• PROBLEM: Without the pictures, write out all the lines below exactly as they appear.

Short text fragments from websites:

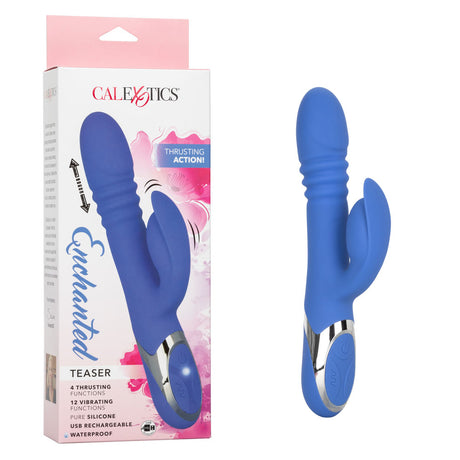 CalExotics Enchanted Teaser Silicone Massager — Blue - SE0649253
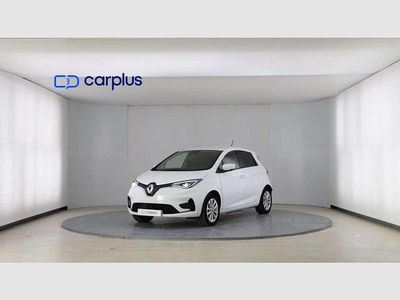 Usado Renault Zoe Intens 80 kW (109 CV) 2021 Blanco Utilitario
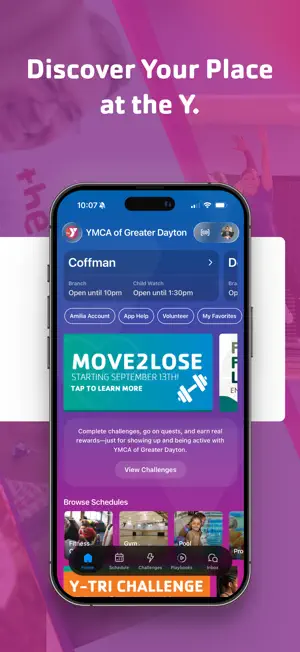 YMCA of Greater Dayton screenshot 2
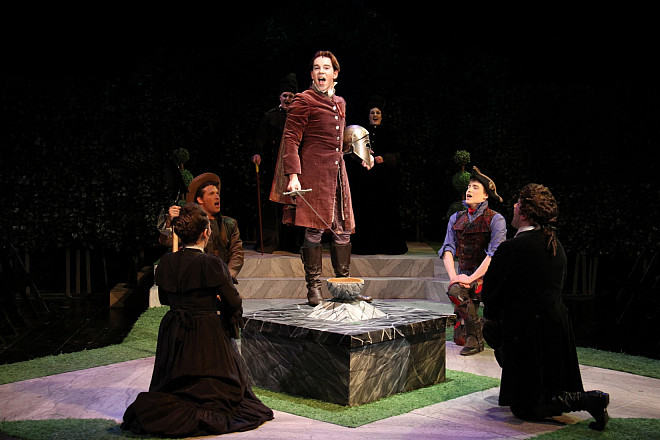 Triumph of Love (Photo by Gerry Goodstein)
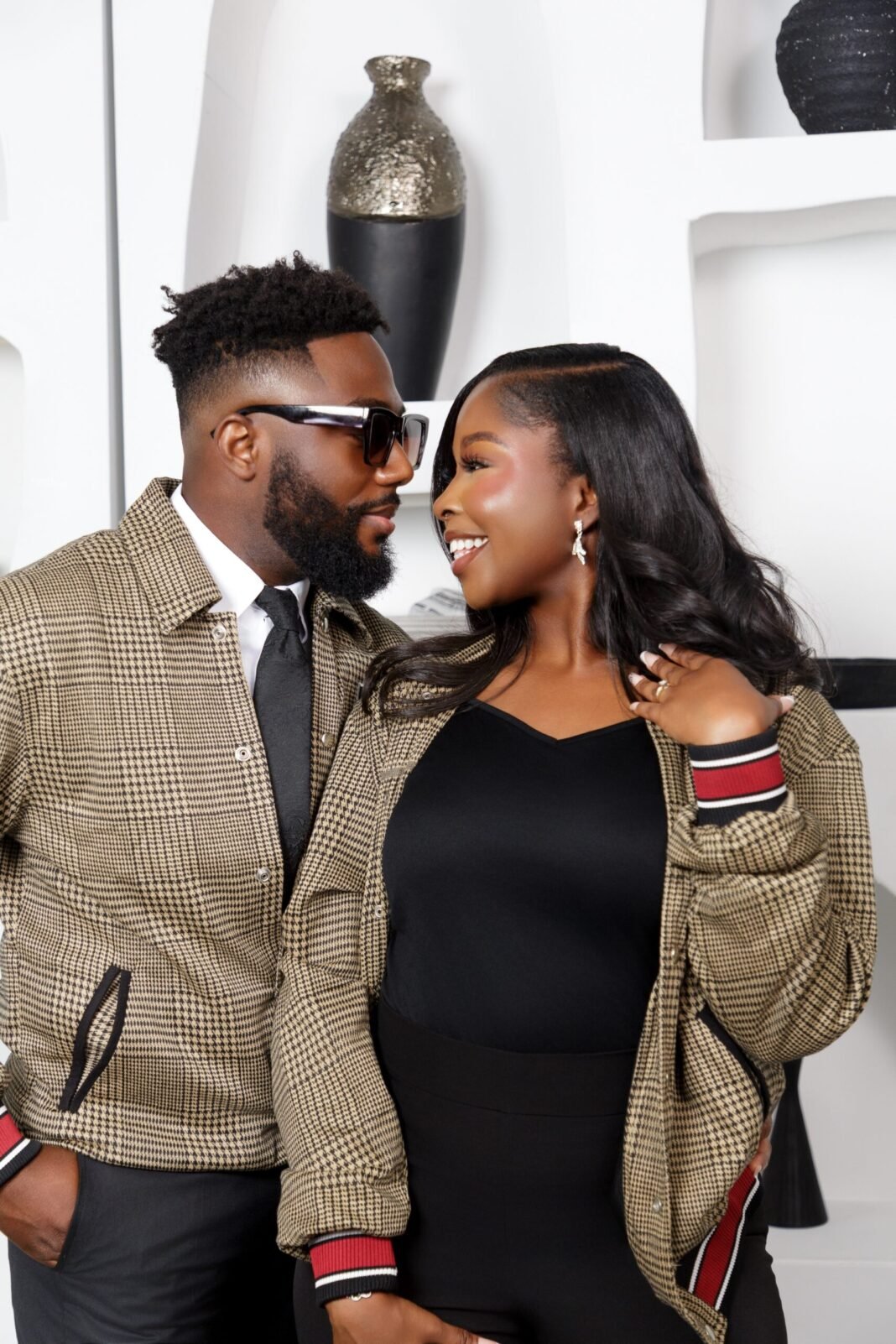 Folarin Heard Lovelyn Sing in Church for the First Time and His Heart Never Forgot!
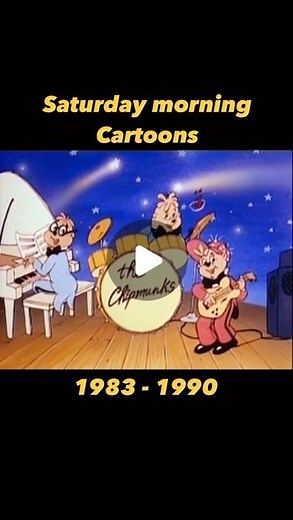 Recaptured 80s on Instagram: "Jumping back in time to Saturday morning 1983 and watching Alvin and the Chipmunks! I owned the Chipmunk Rock tape and played it until it drove my mom crazy. How about you? . . #tv #saturdaymorning #cartoon #alvinandthechipmunks #chipmunks #flashback #nostalgia #retro #80skid #childhoodmemories"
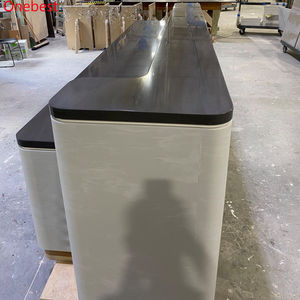 نوعية ممتازة مخصصة اللون كوريان أثاث الأسنان مكتب استقبال عيادة طبية لشخصين - Product Image 5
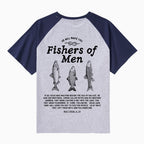 Fishers Of Men Christian Raglan Sleeve T-Shirt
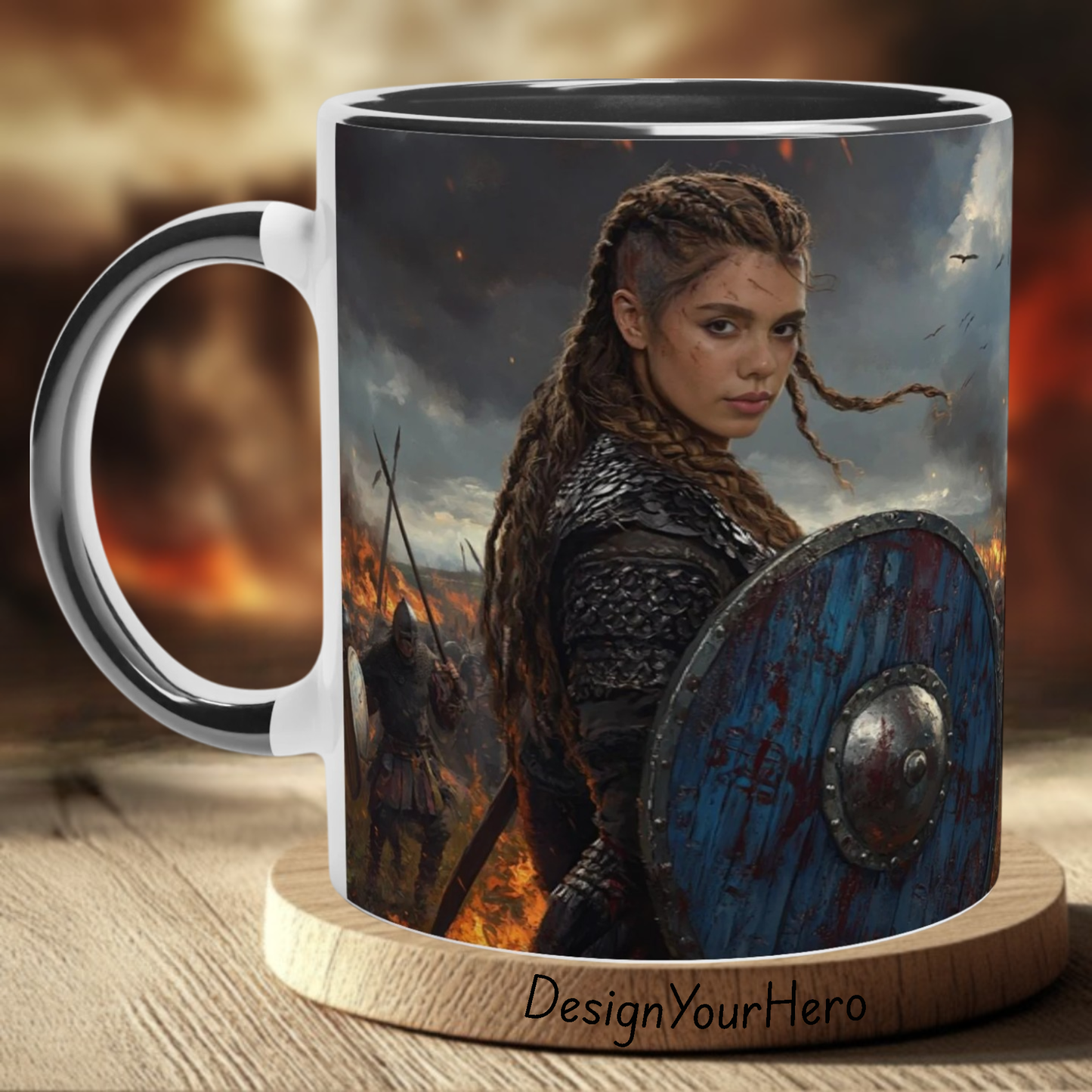 Mug Guerrière des Terres du Nord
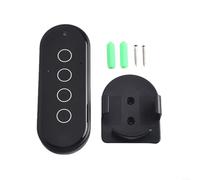 For TUYA For ZIGBEE Wireless Smart Home Switchs, FOR Wireless For Smart Home Switch 4 Gang 12 Scene Touchs Light Switchs Apps(black)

• OUTPUT FOR THIS TASK:
 CalExotics Enchanted Teaser Silicone Massager — Blue - SE0649253
 Usado Renault Zoe Intens 80 kW (109 CV) 2021 Blanco Utilitario
 YMCA of Greater Dayton screenshot 2
 Triumph of Love (Photo by Gerry Goodstein)
 Folarin Heard Lovelyn Sing in Church for the First Time and His Heart Never Forgot!
 Recaptured 80s on Instagram: "Jumping back in time to Saturday morning 1983 and watching Alvin and the Chipmunks! I owned the Chipmunk Rock tape and played it until it drove my mom crazy. How about you? . . #tv #saturdaymorning #cartoon #alvinandthechipmunks #chipmunks #flashback #nostalgia #retro #80skid #childhoodmemories"
 نوعية ممتازة مخصصة اللون كوريان أثاث الأسنان مكتب استقبال عيادة طبية لشخصين - Product Image 5
 Fishers Of Men Christian Raglan Sleeve T-Shirt
 Mug Guerrière des Terres du Nord
 For TUYA For ZIGBEE Wireless Smart Home Switchs, FOR Wireless For Smart Home Switch 4 Gang 12 Scene Touchs Light Switchs Apps(black)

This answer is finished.